In this article, I want to describe two algorithms you can use to find a median on streaming data. Both of them calculate the median in one pass and are storage efficient.
Motivation
Median (or 50th percentile) is a well-known metric. The “traditional” way of calculating the median is to take all numbers, sort them, and get a value in the middle. For modern computers, storing a couple of millions of numbers is easy. But what if we have much more data? Or we have limited space (think embedded systems)? In situations where resources are limited, two algorithms described below might help. They find a median in streaming data without storing all numbers. Curious? Let’s get started!
Running median algorithm
Running median algorithm is designed to find a median in streaming data.
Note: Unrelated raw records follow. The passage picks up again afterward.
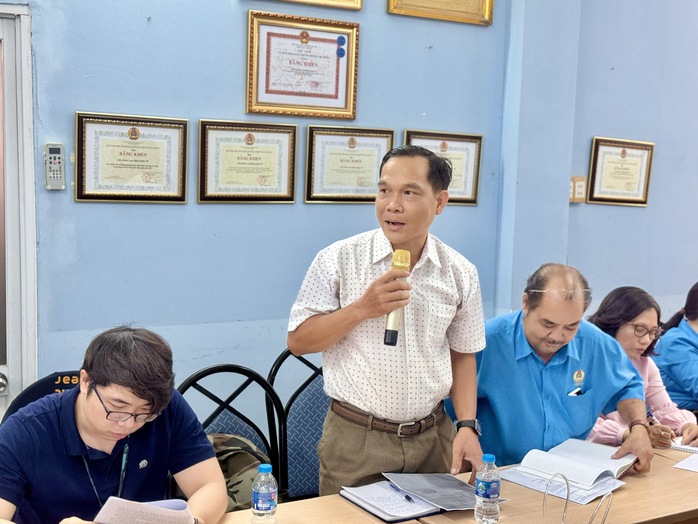 Nên có chế độ hỗ trợ đối với lao động nữ sinh con nhưng đóng chưa đủ 6 tháng BHXH?- Ảnh 7. Nên có chế độ hỗ trợ đối với lao động nữ sinh con nhưng đóng chưa đủ 6 tháng BHXH?- Ảnh 7.
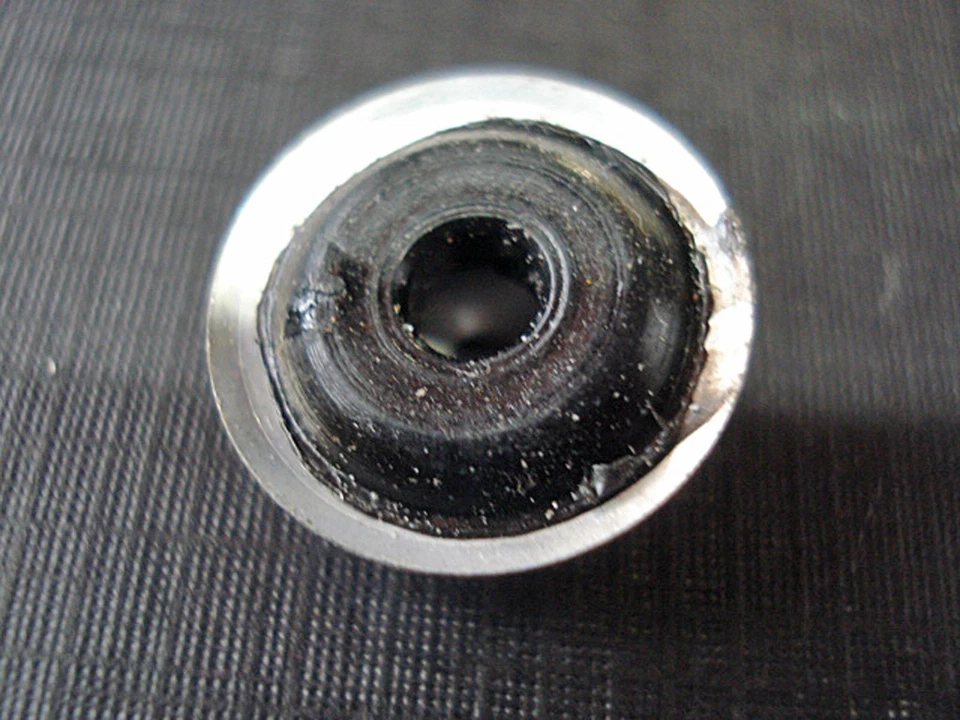 10 piezas 8-32 tuercas PAL con sellador de neopreno NORS GM GMC Foto 3 de 3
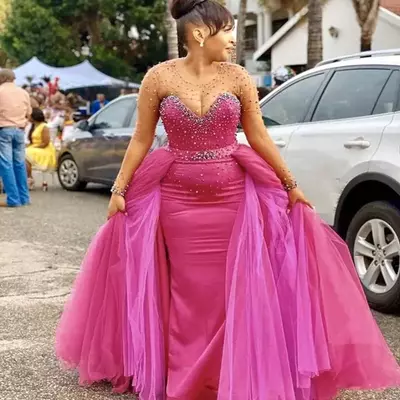 Hot pink plus size prom dresses for black girls 2022 long sleeve beaded pearls mermaid evening gowns with overskirt formal wear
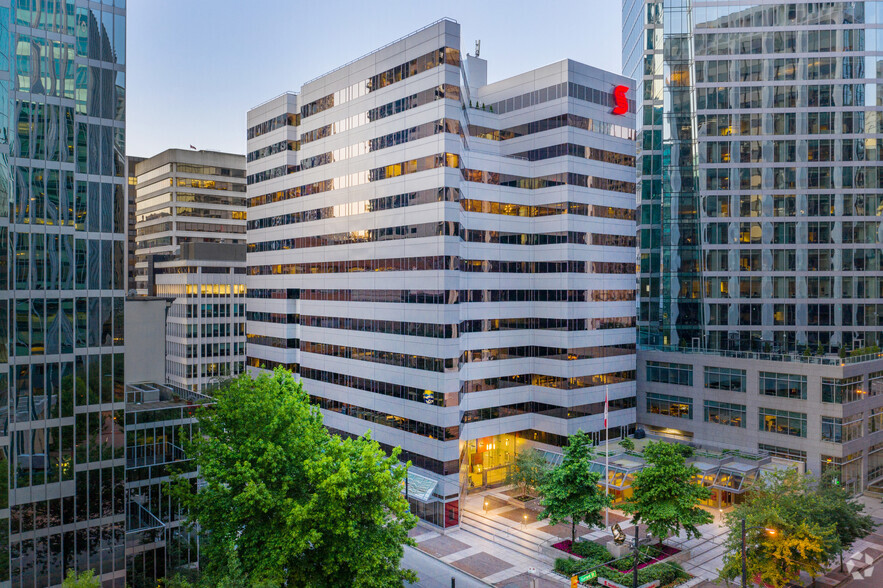 510 Burrard St, Vancouver, BC à louer - Photo de l’immeuble – Image 2 sur 5
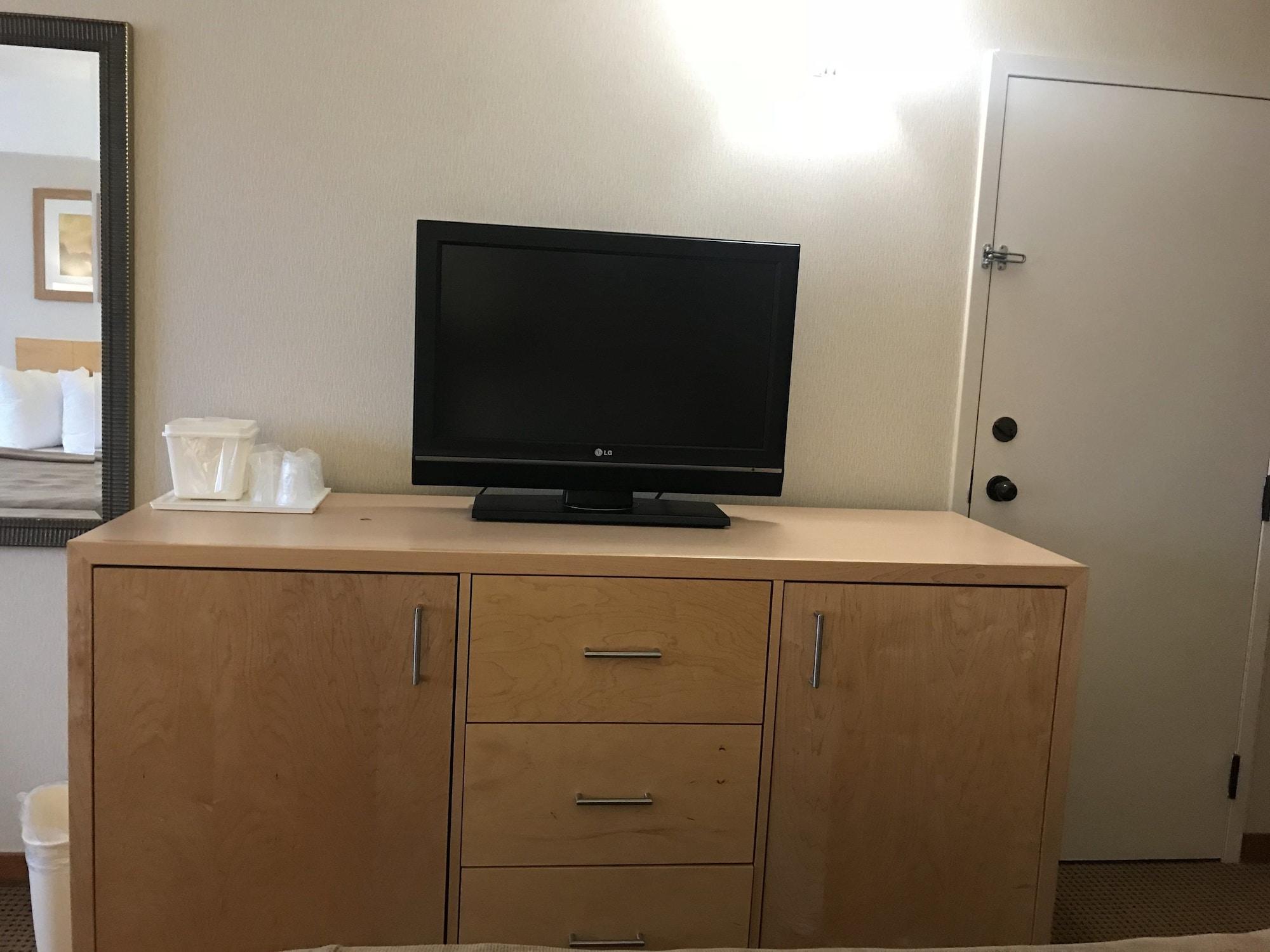 Quality And East Hotel Montreal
It returns an approximate median. The “running median” is not an actual name for this algorithm. I couldn’t find an original name, so I will continue to call it “running median” for the rest of the article. Initially, I found an implementation of this algorithm on John D. Cook’s blog. The algorithm is quite simple, so it will be easier to show the code straight away.
class RunningMedian:
n = 0
_median = 0
def push(self, new_number: int):
self.n += 1
weighted_average = (new_number - self._median) / self.n
self._median += weighted_average
def median(self):
return self._median
# Usage
A = RunningMedian()
A.push(1)
A.push(2)
A.push(3)
A.push(4)
print(A.median())
As you can see, it is storage efficient. We only store two variables, n
and median
. In addition, the push
method contains basic arithmetic operations, which means processing large amounts of numbers should be fast.
You can find more information about the running median algorithm in this technical report (p. 7, formula 1.1).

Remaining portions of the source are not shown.